### DATA FOR THIS EXERCISE
══════════════════════════════

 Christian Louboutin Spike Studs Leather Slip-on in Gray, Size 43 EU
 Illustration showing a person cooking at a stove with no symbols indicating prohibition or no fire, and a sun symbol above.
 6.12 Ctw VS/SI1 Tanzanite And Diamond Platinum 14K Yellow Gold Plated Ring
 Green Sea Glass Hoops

══════════════════════════════

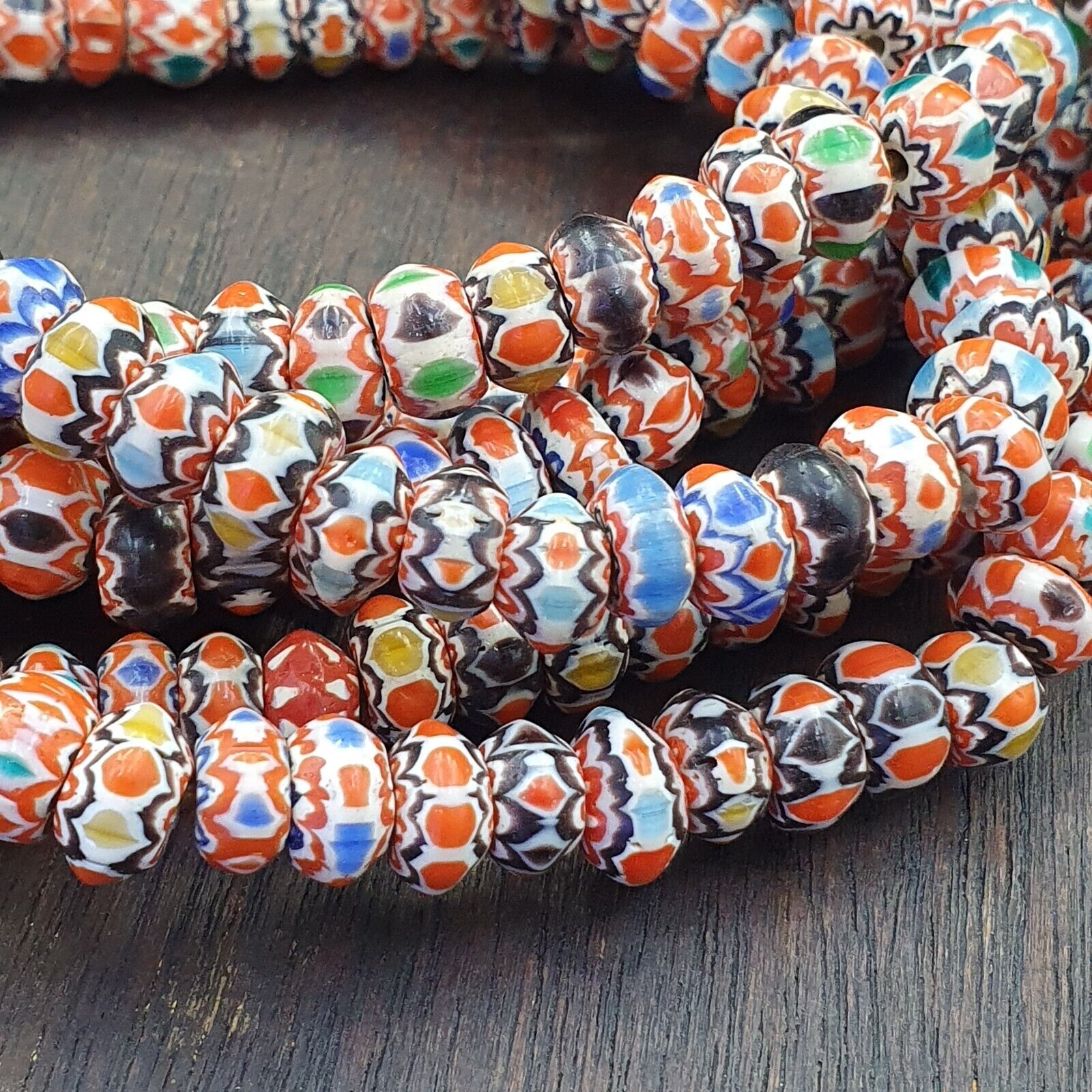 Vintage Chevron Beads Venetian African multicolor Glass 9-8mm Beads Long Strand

══════════════════════════════

### REQUIREMENT
The expected output is exactly the lines of the listing above between the line holding "Christian Louboutin Spike" and the line holding "Green Sea Glass Hoops", inclusive.

### WRITTEN REPLY
 Christian Louboutin Spike Studs Leather Slip-on in Gray, Size 43 EU
 Illustration showing a person cooking at a stove with no symbols indicating prohibition or no fire, and a sun symbol above.
 6.12 Ctw VS/SI1 Tanzanite And Diamond Platinum 14K Yellow Gold Plated Ring
 Green Sea Glass Hoops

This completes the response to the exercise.